HTTP/1.1: The Version That Ran the Web for 20 Years
HTTP/1.0 opened a new TCP connection for every single request. Load a page with 30 images? That’s 31 TCP handshakes — each one adding hundreds of milliseconds of latency.
HTTP/1.1, standardized in 1997, fixed this with persistent connections: keep the TCP socket open and reuse it for multiple requests. It also added:
- Chunked transfer encoding — the server can start sending before it knows the total size, enabling streaming
- Cache-control headers — fine-grained rules for how long intermediaries can store responses
- Content negotiation — the client says “I accept English or French, HTML or JSON” and the server picks the best match
- Pipelining — send multiple requests without waiting for responses (though this was so buggy in practice that browsers mostly disabled it)

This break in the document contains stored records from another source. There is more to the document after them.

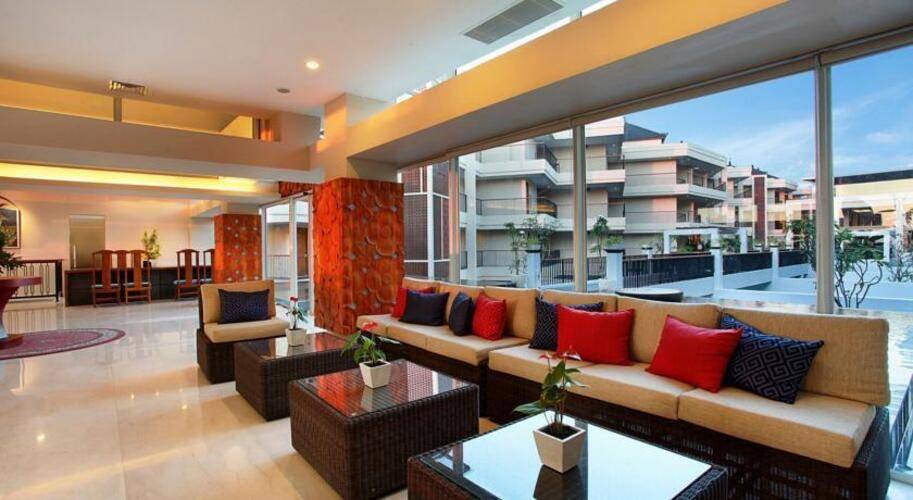 Vouk Hotel & Suites (Ex. Mantra Nusa Dua)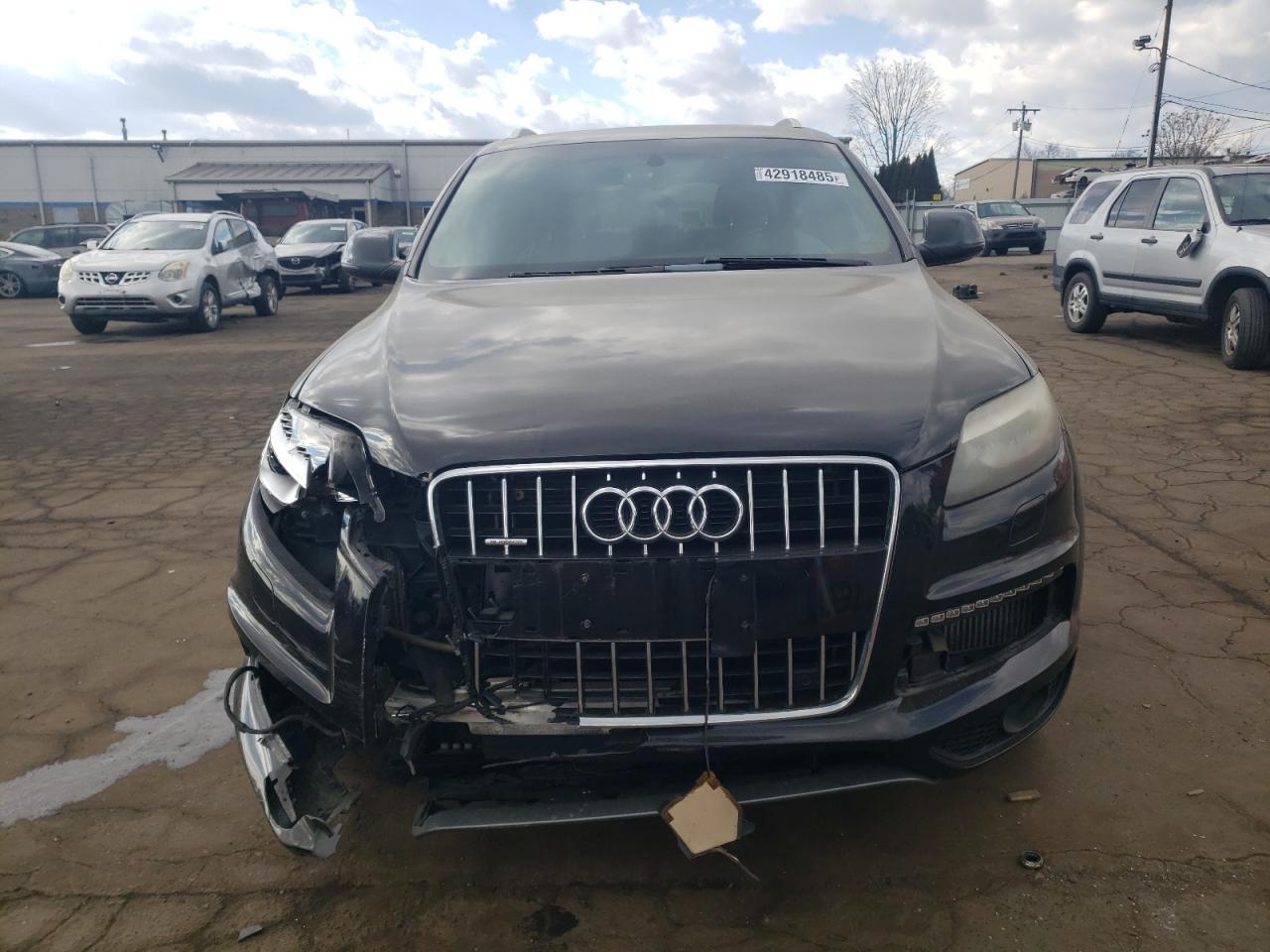 2013 AUDI Q7 PRESTIG - Фото 5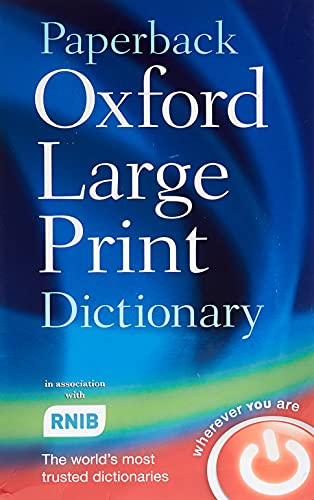 Oxford Dictionary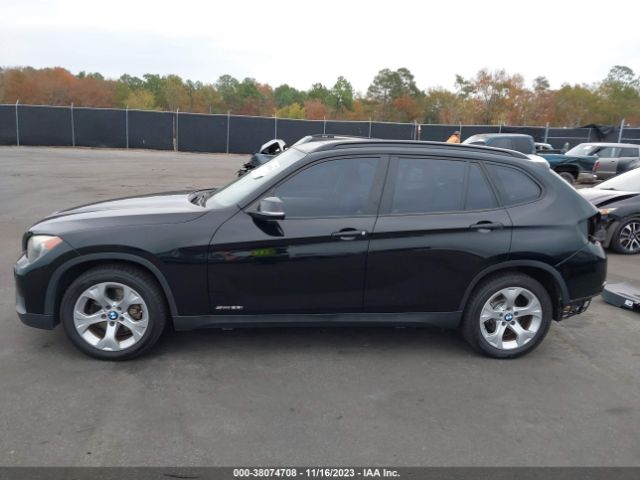 WBAVM1C52EVW53279 BMW X1 Sdrive28i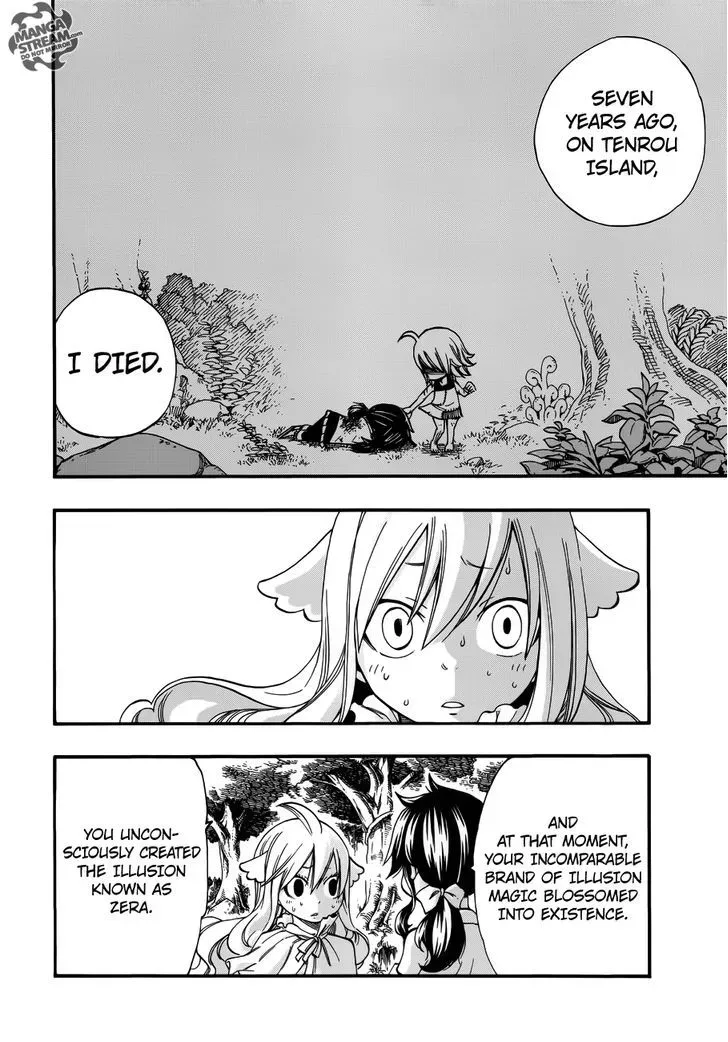 Read Fairy Tail Zero Manga Online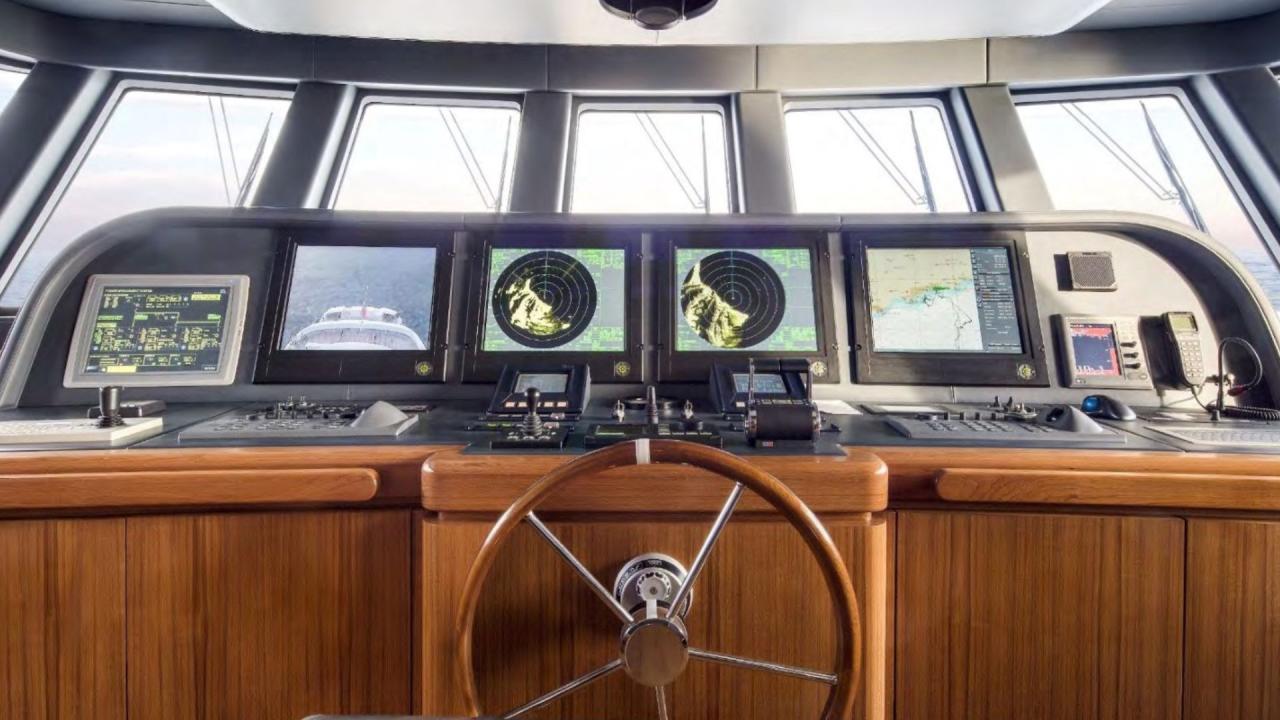 Eurocraft Explorer 44 — photo 10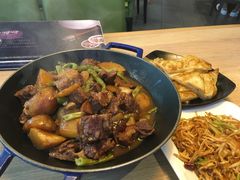 -荣鹏风味烀饼(万达广场店)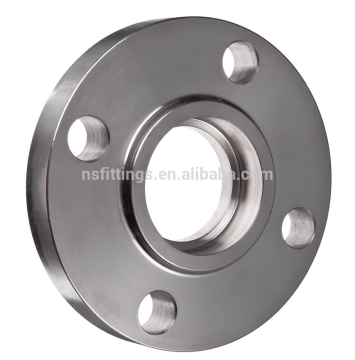 F12 Socket Welding Flange ANSI B16.5 SW RF Flange 150LB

HTTP/1.1 was released in 1997 and remained the dominant version until HTTP/2 arrived in 2015 — eighteen years as the protocol of the web. Few specifications in computing have been that durable.
What HTTP Got Right
Berners-Lee made a series of choices that looked like shortcuts but turned out to be architectural insights:
- Text-based protocol — HTTP is human-readable. You can debug it with
telnet, inspect it in a browser, understand it without a spec sheet. This made it learnable in a way that binary protocols never were, and accelerated adoption by orders of magnitude. - Statelessness — every request stands alone. This seemed like a limitation until the web needed to scale to billions of users across thousands of servers. Statelessness made load balancing, caching, and fault tolerance natural rather than engineered.
- The method/resource model — “apply this verb to this noun” (
GET /paper.html) is the simplest possible API. It’s so intuitive that the same model now powers most of the internet’s APIs, not just its web pages. - Extensibility through headers — HTTP didn’t try to anticipate every need. Instead, it gave clients and servers a generic way to exchange metadata. Cookies, caching, authentication, compression, content negotiation — all retrofitted through headers without changing the protocol itself.
HTTP’s great limitation was also its great virtue: it did almost nothing. It didn’t prescribe document formats — HTML handled that. It didn’t define addresses — the URL handled that. It didn’t encrypt anything — SSL/TLS handled that. HTTP was the minimal, universal transport layer that let everything else evolve independently.
One protocol, serving plain text from a NeXT workstation in Switzerland. That was the entire web in 1991. The protocol hasn’t fundamentally changed — it just carried more and more of the world on top of it.